» **Data section**:

════════════════════

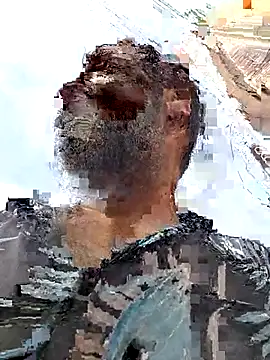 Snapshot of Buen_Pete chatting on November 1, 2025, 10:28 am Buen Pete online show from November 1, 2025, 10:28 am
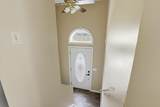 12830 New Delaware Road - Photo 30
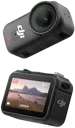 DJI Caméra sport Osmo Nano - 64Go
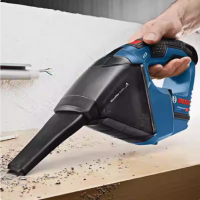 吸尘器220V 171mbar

════════════════════

» **Action item**:
Before copying the data, remove the pictures. Then repeat the rest exactly.

» **Your response**:
 Snapshot of Buen_Pete chatting on November 1, 2025, 10:28 am Buen Pete online show from November 1, 2025, 10:28 am
 12830 New Delaware Road - Photo 30
 DJI Caméra sport Osmo Nano - 64Go
 吸尘器220V 171mbar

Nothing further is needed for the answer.